Tuesday, November 22, 2011

Carnegie Deli, 854 7th Ave., Manhattan

At some point after college, Christmas ceased being fun and turned into a yearly stress. It is a bummer. Maybe having a kid will help bring back what I used to love about it when I was little. I still remember what that was - to sum it all up, it was listening rapturously to Christmas carols alone in our living room, which was lit only by the lights on the tree, eating gingerbread cookies and eyeballing all the sparkly wrapped presents underneath in giddy anticipation.

Guided by nostalgia, I guess, I still long to recapture some elements of that vision at Christmastime, which is why I pounced on a Groupon for the Radio City Music Hall Christmas Spectacular. It is not a show, people: it is a Spectacular, with a capital S. It might be hopelessly cheesy, I was aware, but there was only one way to find out. And the movie "Annie" was a large force in my childhood, so I have always been predisposed to appreciate the Rockettes.

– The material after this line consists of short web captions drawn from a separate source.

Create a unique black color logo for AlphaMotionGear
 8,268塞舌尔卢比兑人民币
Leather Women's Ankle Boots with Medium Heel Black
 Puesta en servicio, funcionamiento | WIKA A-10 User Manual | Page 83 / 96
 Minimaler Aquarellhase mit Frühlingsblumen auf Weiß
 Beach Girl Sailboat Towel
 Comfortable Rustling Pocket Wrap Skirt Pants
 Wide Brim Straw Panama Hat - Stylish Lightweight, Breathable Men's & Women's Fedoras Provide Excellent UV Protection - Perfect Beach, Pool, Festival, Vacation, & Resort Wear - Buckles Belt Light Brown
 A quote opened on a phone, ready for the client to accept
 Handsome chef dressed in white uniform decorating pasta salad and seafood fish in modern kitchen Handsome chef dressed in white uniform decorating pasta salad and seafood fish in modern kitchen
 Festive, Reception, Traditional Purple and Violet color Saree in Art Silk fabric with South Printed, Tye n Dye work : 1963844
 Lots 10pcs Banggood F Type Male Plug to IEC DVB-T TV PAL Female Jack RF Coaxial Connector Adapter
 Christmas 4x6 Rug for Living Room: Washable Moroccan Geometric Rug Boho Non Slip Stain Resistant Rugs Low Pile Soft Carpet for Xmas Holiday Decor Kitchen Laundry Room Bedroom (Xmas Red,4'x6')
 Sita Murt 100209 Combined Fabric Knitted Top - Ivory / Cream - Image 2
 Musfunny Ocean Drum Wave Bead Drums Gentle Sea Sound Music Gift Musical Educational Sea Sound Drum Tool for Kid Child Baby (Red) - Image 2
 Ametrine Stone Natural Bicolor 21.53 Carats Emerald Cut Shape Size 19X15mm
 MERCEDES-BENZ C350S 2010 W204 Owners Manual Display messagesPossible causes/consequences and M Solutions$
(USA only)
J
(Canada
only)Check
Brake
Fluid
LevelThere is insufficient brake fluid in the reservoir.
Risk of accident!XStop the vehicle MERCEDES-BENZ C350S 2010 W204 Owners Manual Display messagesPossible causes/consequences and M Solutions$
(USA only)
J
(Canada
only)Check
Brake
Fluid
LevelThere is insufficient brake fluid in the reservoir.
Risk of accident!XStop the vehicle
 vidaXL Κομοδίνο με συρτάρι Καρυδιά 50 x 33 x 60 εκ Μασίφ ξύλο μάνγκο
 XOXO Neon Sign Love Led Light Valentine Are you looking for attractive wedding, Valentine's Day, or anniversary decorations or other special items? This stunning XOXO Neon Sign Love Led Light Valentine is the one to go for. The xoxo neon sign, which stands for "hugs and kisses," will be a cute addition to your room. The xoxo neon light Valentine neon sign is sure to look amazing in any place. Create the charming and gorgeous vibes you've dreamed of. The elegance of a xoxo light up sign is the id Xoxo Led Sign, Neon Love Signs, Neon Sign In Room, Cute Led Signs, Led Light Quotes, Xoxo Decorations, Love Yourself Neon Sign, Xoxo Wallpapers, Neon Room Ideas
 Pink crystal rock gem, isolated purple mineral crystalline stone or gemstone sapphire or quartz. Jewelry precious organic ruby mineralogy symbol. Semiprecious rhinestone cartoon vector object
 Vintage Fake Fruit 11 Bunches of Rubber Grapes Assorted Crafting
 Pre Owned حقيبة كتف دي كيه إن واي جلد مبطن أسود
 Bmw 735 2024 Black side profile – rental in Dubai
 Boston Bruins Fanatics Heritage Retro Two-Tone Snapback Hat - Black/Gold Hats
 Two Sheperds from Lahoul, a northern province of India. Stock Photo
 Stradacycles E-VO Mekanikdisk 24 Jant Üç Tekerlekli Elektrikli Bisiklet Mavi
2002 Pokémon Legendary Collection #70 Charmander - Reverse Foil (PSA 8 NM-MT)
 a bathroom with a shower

My friend Erin accepted an offer to go with me, and we went first to Carnegie Deli in Midtown, as if the Rockettes weren't enough touristy cliche for one evening (I had been to the Deli once before, in 2000 - as a tourist!). I had a pastrami sandwich and it was awesome. It was simply a gigantic pile o'pastrami with a sort of an afterthought of rye bread on either side, not enough to even come close to covering the meat. Mustard on the side was its only accoutrement, which is fine by this carnivore. I ate half of it, somehow (baby must have been pulling her weight), and got the other half to go. We were stuffed. And then we ordered a massive slab of cheesecake, incomprehensibly. And we made a good dent in that too. And then I got the rest of that slab boxed to go as well.

I should mention here that despite it being a tourist destination, the experience at Carnegie was very pleasant. We were seated immediately (at 6:30 or so), and our waiter was uncommonly nice. They put multiple parties together at the same table but we had no one next to us for most of our meal, and even after some tourists were seated there, it didn't feel intrusive.

Erin heroically hid my leftovers in her large bag when we went to the theater, for which I am even more grateful having just polished off said leftovers for lunch. To leave them behind would have been a tragedy.

The show was as anticipated: a mix of glitzy fun and schmaltzy boring. The numbers with the Rockettes were mostly great. I particularly enjoyed their "12 Days of Christmas" routine, and "Parade of the Wooden Soldiers," which is apparently a staple from the original 1933 show and features them wonderfully falling down like dominoes in slow motion. The 3D movie bits didn't add anything (and hello, isn't it already 3D when you see a show live?). A story about a mother looking for a gift for her daughter was at the same time deeply annoying, yawn-inducingly boring, and appallingly syrupy. Dancing Santas were fun; one Santa making transitions between songs was awkward. I liked the splendor of the nativity scene at the end, which also dates to 1933 as I understand it.